:: What this task involves ::
Return the first line of the listing below and all the lines after it through the one containing "رئيس اتحاد السلة", exactly, without pictures.

:: Extracted records ::

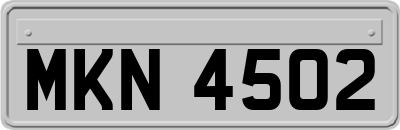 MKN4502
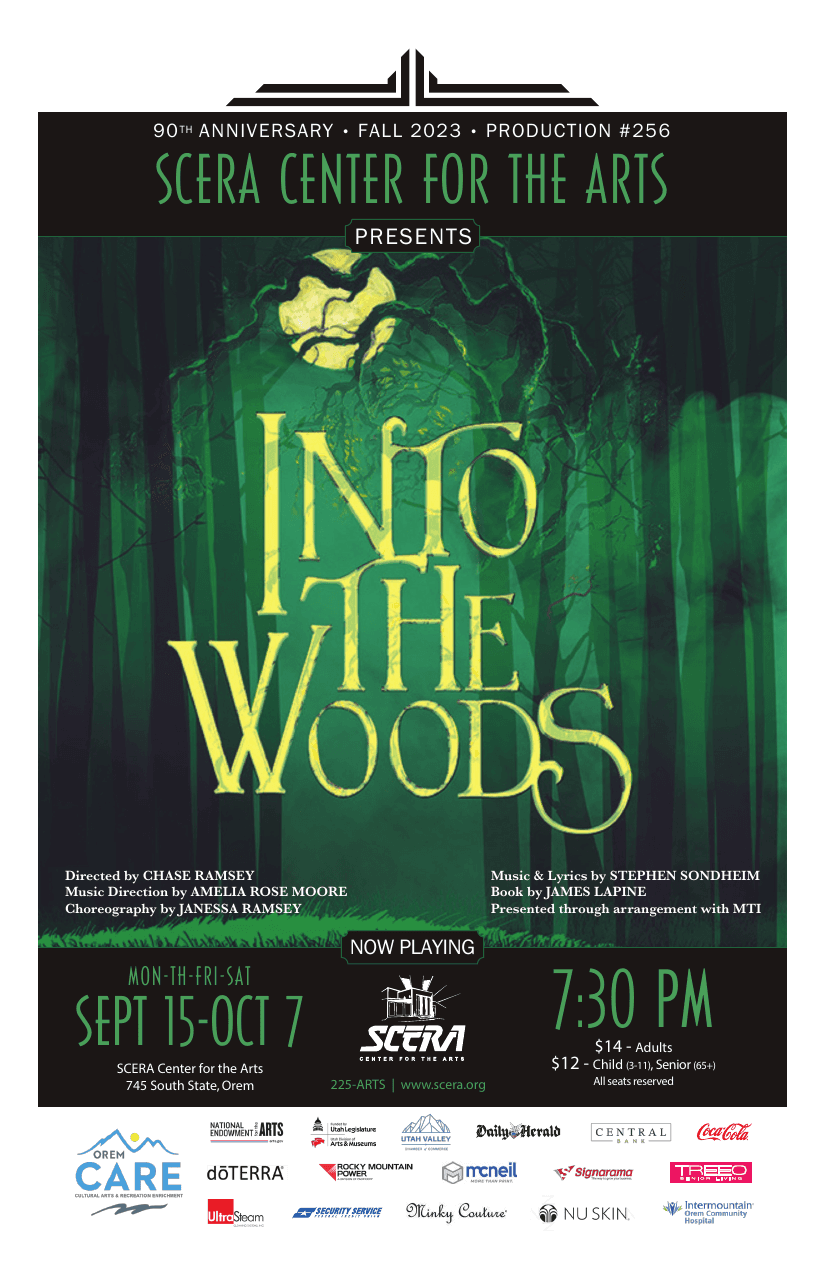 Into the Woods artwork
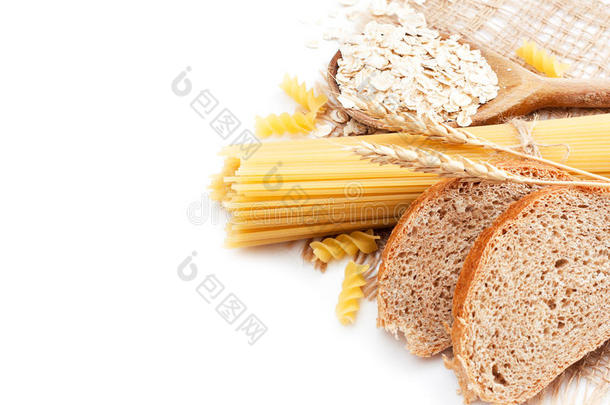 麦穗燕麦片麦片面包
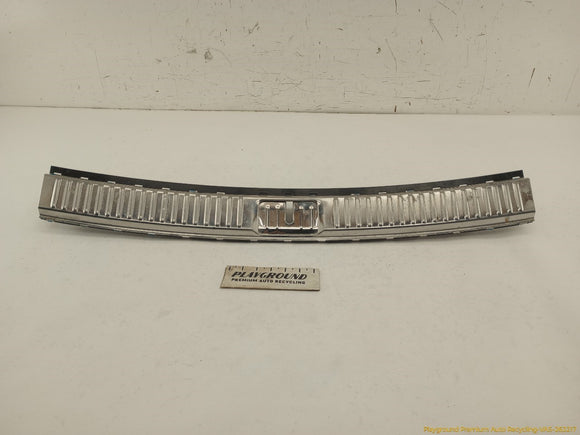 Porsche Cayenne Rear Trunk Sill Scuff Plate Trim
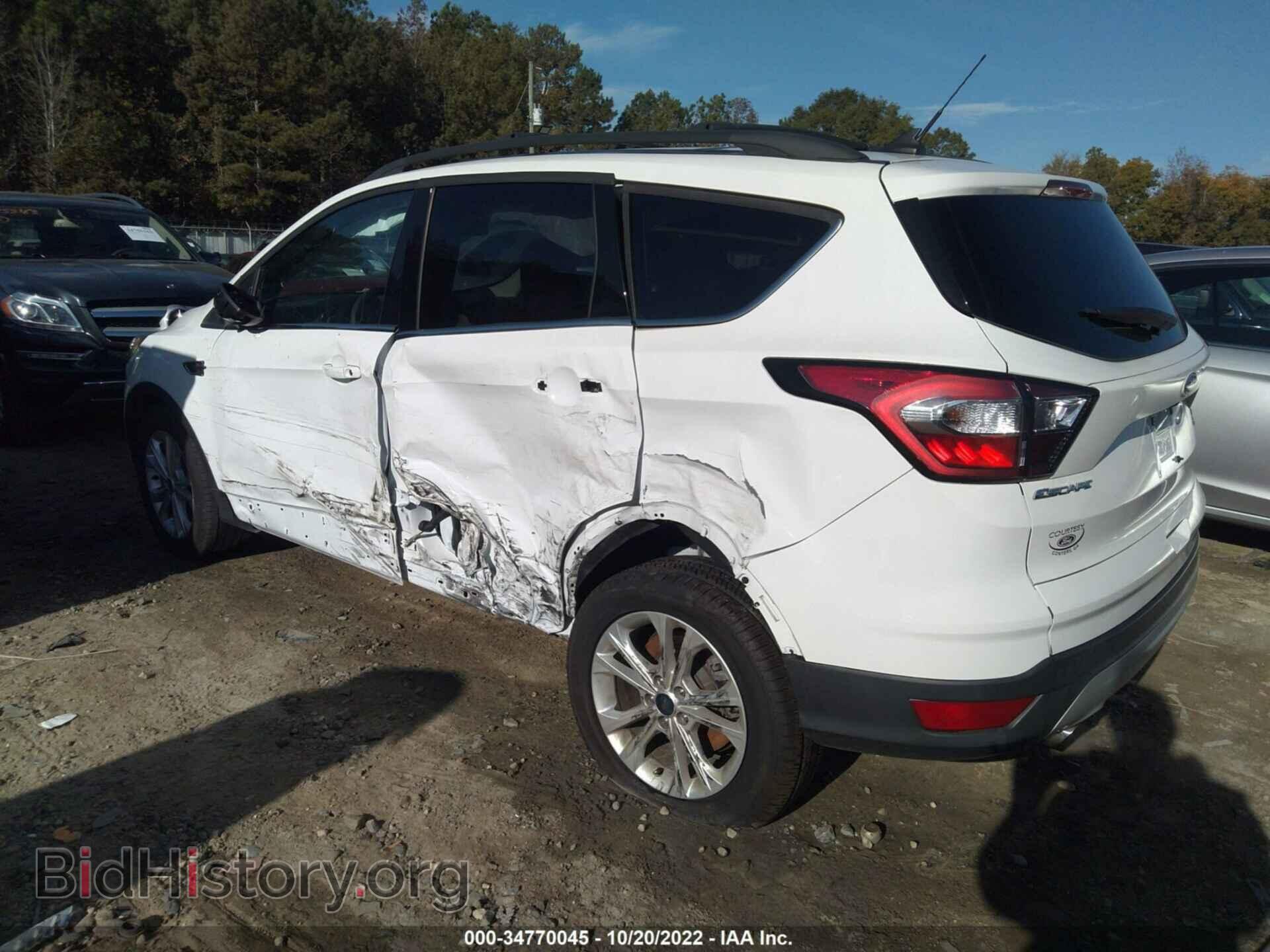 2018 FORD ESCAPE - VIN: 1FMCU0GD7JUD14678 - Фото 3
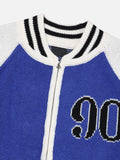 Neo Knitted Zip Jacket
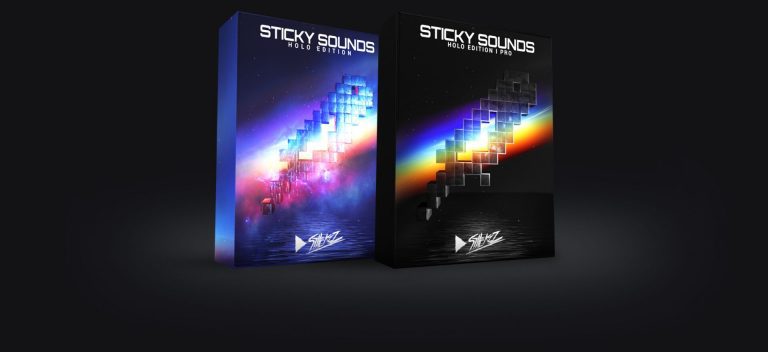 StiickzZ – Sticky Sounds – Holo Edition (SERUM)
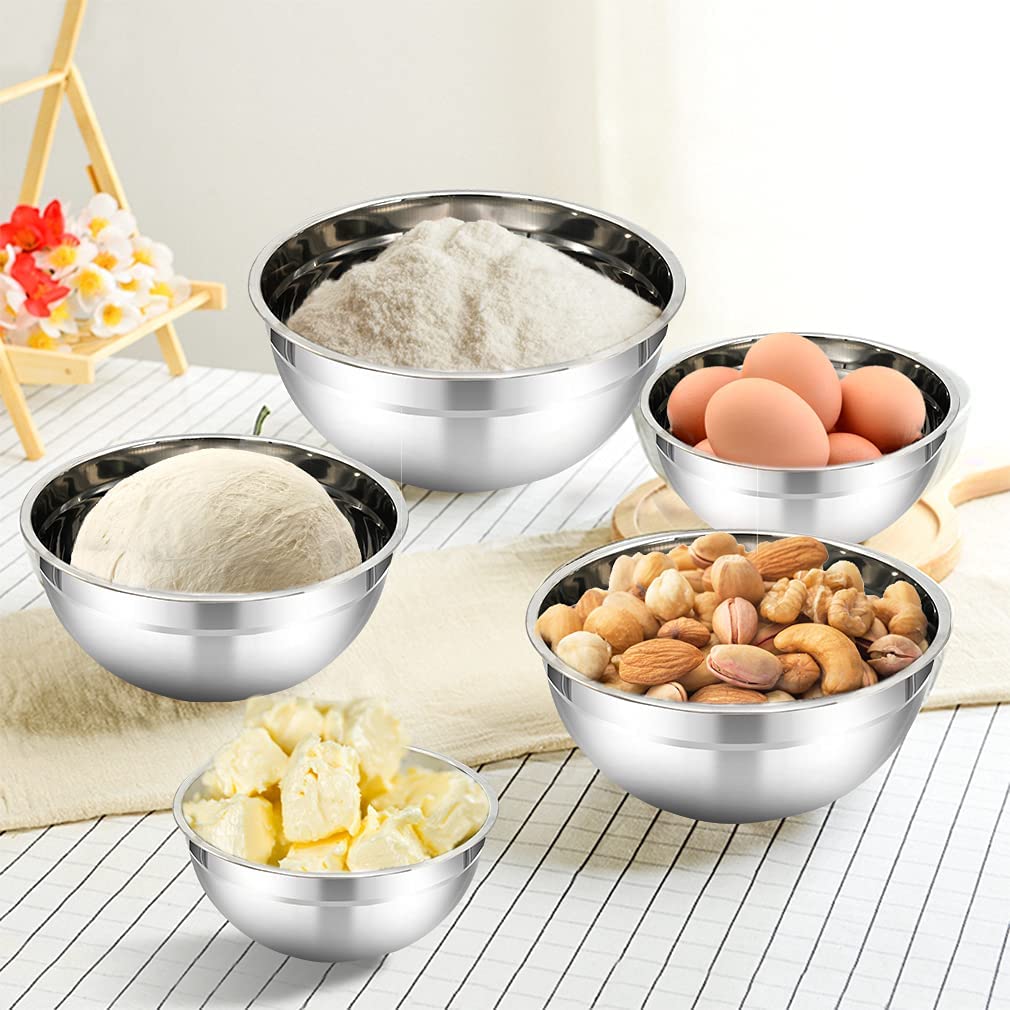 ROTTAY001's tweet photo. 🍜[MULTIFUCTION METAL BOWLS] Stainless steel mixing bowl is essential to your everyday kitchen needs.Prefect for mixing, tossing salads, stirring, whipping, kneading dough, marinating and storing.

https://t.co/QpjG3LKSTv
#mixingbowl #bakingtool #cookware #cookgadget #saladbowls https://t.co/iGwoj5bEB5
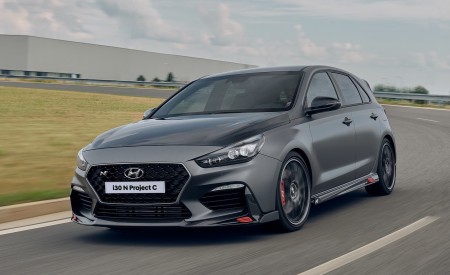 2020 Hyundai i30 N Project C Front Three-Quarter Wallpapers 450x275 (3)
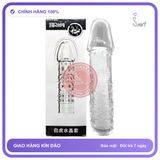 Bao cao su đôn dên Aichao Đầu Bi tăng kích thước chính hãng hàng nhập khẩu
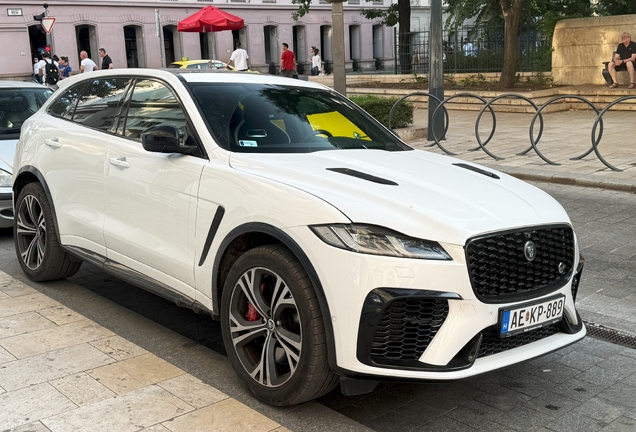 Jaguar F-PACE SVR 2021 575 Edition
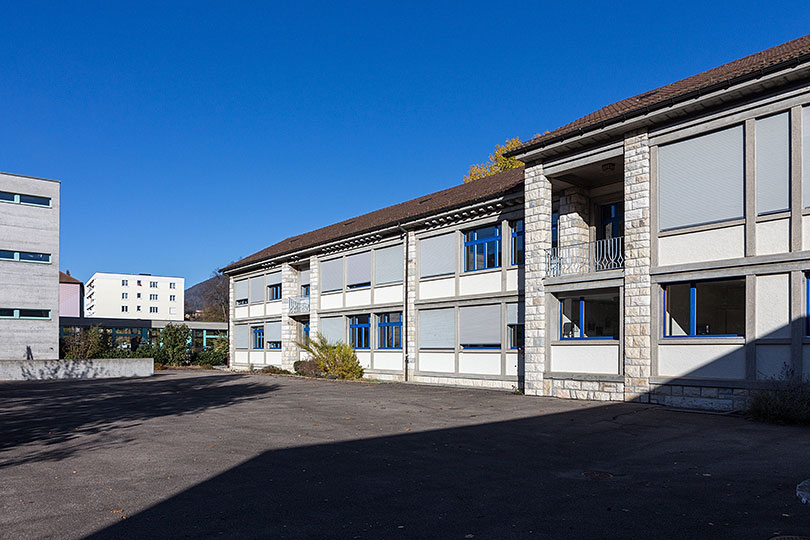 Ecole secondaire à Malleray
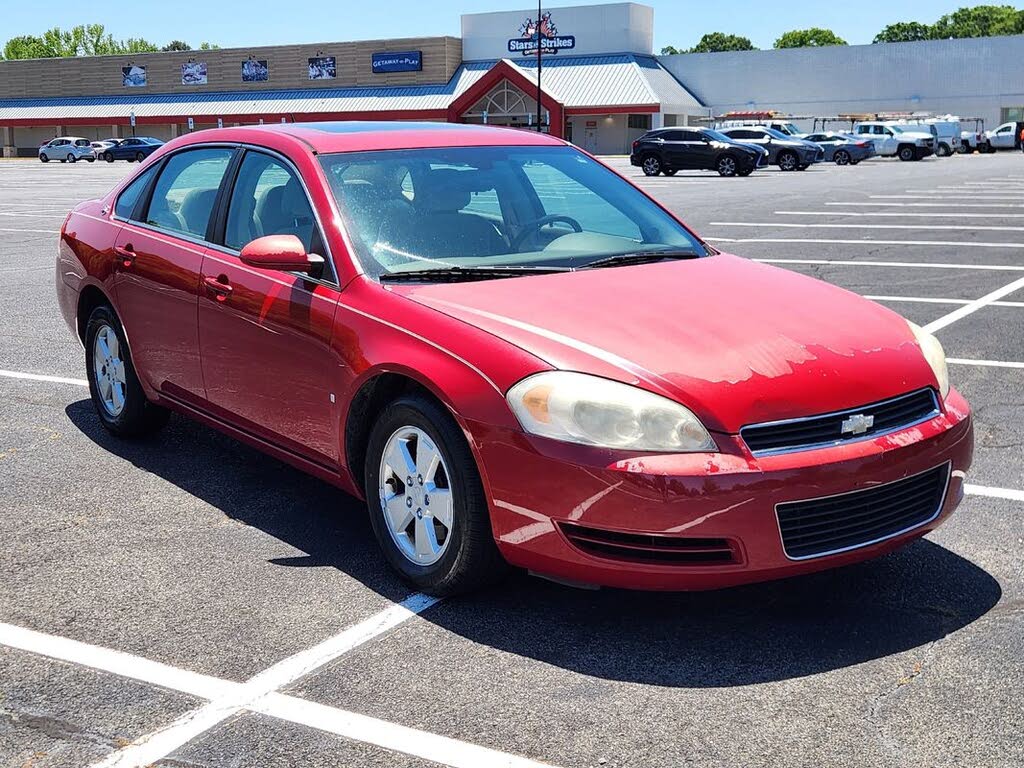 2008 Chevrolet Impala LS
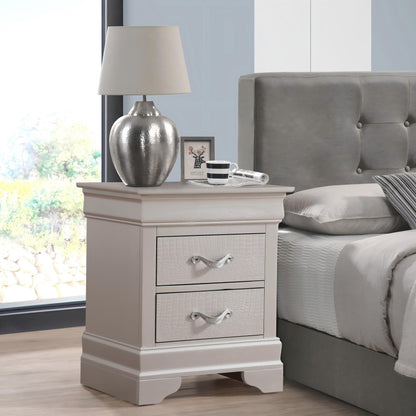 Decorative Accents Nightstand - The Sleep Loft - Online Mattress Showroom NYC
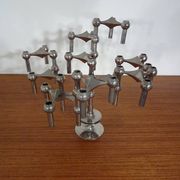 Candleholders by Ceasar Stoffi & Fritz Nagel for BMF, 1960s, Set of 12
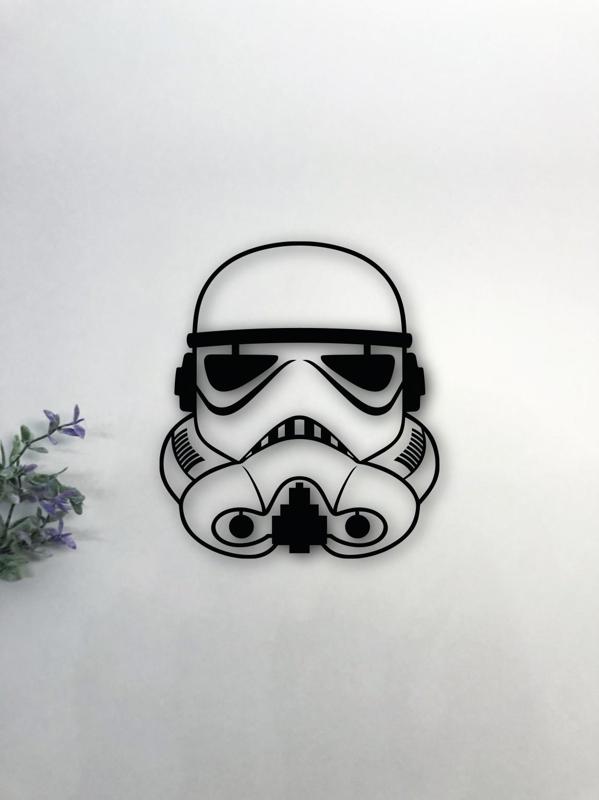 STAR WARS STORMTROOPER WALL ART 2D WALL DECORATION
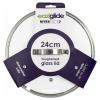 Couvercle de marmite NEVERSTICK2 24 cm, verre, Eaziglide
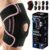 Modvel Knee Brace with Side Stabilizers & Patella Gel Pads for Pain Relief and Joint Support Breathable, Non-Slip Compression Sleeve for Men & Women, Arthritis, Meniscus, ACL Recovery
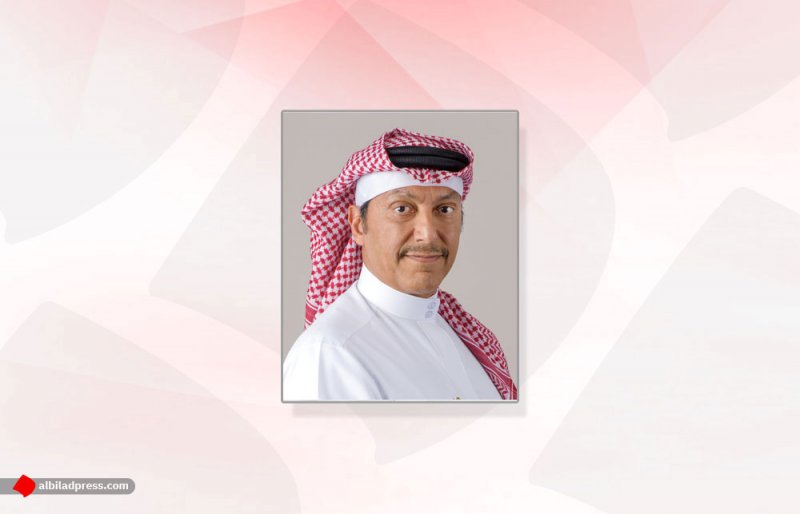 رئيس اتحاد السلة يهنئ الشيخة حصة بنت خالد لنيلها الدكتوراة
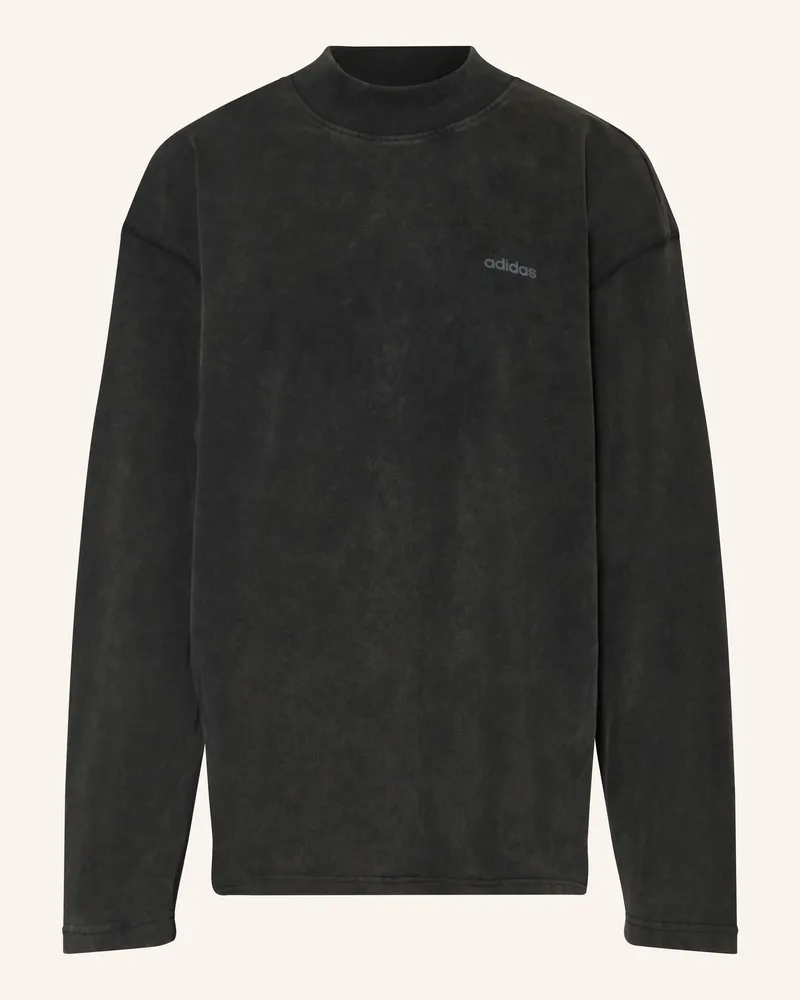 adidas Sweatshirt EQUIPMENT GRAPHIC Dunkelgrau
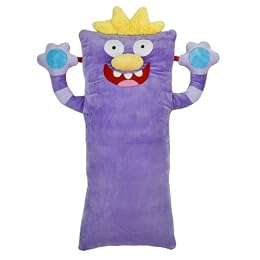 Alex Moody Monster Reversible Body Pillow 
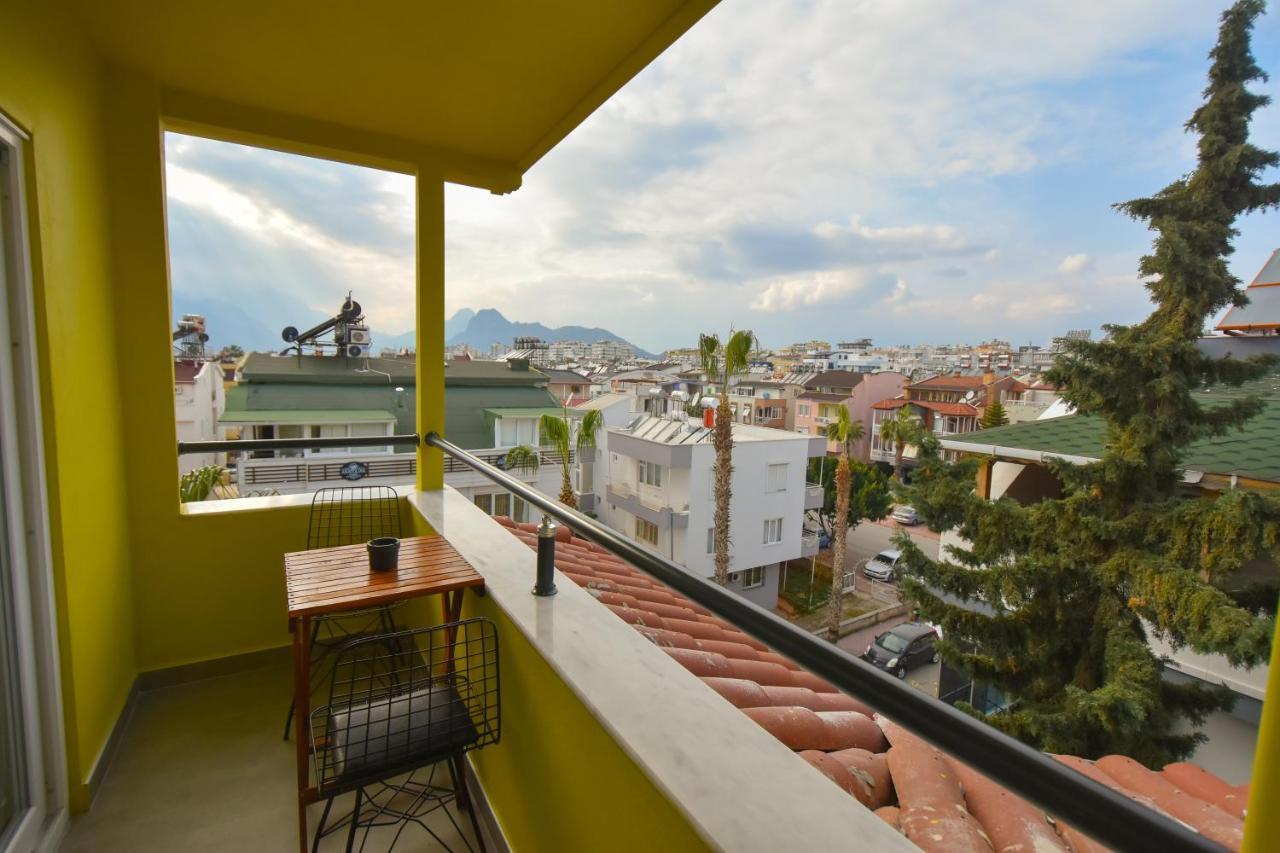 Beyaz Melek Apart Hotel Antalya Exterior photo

:: Reply to the task ::
 MKN4502
 Into the Woods artwork
 麦穗燕麦片麦片面包
 Porsche Cayenne Rear Trunk Sill Scuff Plate Trim
 2018 FORD ESCAPE - VIN: 1FMCU0GD7JUD14678 - Фото 3
 Neo Knitted Zip Jacket
 StiickzZ – Sticky Sounds – Holo Edition (SERUM)
 ROTTAY001's tweet photo. 🍜[MULTIFUCTION METAL BOWLS] Stainless steel mixing bowl is essential to your everyday kitchen needs.Prefect for mixing, tossing salads, stirring, whipping, kneading dough, marinating and storing.

https://t.co/QpjG3LKSTv
#mixingbowl #bakingtool #cookware #cookgadget #saladbowls https://t.co/iGwoj5bEB5
 2020 Hyundai i30 N Project C Front Three-Quarter Wallpapers 450x275 (3)
 Bao cao su đôn dên Aichao Đầu Bi tăng kích thước chính hãng hàng nhập khẩu
 Jaguar F-PACE SVR 2021 575 Edition
 Ecole secondaire à Malleray
 2008 Chevrolet Impala LS
 Decorative Accents Nightstand - The Sleep Loft - Online Mattress Showroom NYC
 Candleholders by Ceasar Stoffi & Fritz Nagel for BMF, 1960s, Set of 12
 STAR WARS STORMTROOPER WALL ART 2D WALL DECORATION
 Couvercle de marmite NEVERSTICK2 24 cm, verre, Eaziglide
 Modvel Knee Brace with Side Stabilizers & Patella Gel Pads for Pain Relief and Joint Support Breathable, Non-Slip Compression Sleeve for Men & Women, Arthritis, Meniscus, ACL Recovery
 رئيس اتحاد السلة يهنئ الشيخة حصة بنت خالد لنيلها الدكتوراة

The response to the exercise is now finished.